Giraffe showed them how by immediately starting in to collect such wood as lay conveniently at hand.
"Pile it up here, where it'll keep dry, and we can get what we need from time to time," he told them.
Many hands make light work, and as the entire half dozen boys busied themselves like a pack of beavers, before long they had accumulated such a pile of good dry fuel as pleased Giraffe exceedingly.

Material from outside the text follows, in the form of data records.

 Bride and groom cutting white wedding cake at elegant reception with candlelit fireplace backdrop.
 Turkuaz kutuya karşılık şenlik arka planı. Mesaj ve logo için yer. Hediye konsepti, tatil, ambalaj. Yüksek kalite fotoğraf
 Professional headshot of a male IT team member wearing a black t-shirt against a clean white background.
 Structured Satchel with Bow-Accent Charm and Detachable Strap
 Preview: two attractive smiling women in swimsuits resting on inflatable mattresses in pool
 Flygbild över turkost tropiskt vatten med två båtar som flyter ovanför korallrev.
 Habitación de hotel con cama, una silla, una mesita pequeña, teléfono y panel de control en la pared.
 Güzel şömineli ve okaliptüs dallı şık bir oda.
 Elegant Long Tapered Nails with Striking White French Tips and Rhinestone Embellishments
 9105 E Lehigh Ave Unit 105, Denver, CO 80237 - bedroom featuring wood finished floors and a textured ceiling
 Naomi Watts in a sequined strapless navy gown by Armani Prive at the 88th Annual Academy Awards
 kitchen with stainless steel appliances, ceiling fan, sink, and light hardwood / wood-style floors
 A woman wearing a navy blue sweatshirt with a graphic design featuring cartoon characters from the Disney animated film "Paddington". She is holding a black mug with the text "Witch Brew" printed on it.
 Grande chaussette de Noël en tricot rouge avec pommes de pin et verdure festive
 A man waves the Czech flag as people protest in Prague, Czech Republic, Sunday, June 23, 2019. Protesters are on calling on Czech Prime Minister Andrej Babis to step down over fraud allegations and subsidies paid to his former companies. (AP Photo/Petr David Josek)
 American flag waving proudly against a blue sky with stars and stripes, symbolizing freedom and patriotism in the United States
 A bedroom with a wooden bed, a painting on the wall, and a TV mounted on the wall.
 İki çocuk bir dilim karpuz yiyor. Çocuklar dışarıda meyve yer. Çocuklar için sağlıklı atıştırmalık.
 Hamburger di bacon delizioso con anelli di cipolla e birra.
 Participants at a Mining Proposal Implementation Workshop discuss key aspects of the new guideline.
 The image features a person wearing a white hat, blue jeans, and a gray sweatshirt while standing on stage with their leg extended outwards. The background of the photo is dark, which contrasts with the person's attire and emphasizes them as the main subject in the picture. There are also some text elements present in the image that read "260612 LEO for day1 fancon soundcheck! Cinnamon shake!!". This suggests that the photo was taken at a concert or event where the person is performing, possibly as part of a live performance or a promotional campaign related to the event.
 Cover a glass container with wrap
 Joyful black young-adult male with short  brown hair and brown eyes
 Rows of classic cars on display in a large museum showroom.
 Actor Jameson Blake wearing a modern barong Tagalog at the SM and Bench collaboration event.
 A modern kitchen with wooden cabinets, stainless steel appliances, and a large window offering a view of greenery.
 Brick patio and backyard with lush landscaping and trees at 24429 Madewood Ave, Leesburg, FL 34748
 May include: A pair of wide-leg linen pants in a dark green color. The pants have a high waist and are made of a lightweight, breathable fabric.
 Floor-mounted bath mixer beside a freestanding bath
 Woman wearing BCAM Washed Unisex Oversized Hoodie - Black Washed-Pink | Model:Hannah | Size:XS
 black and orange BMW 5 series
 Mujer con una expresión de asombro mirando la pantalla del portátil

"That's what I call a hunky-dory lot of wood," he finally declared, when Thad had announced the they must surely have enough to see them through the night, "but better bring in a little more, boys, because you don't know how fast the fire eats it up."
As for himself, Giraffe was now ready to get his cheery blaze started.
He actually wasted a match in doing this, muttering at the time that there was no use bothering with his fire-sticks, which would come in handy later, perhaps, when the stock of matches ran low.
Well, every boy admitted that things certainly did take on a rosier hue, once that fire began to crackle and send up sparks.
"That feels good, Giraffe," said Bumpus, holding his hands out toward the blaze.
"Sure it does," the fire maker went on to say, "and we'll all feel better still after we get some grub inside. Thad, what are we going to have for supper?"
Nobody started making fun of Giraffe now. They were all pretty sharp pushed, and could sympathize with the hungry one.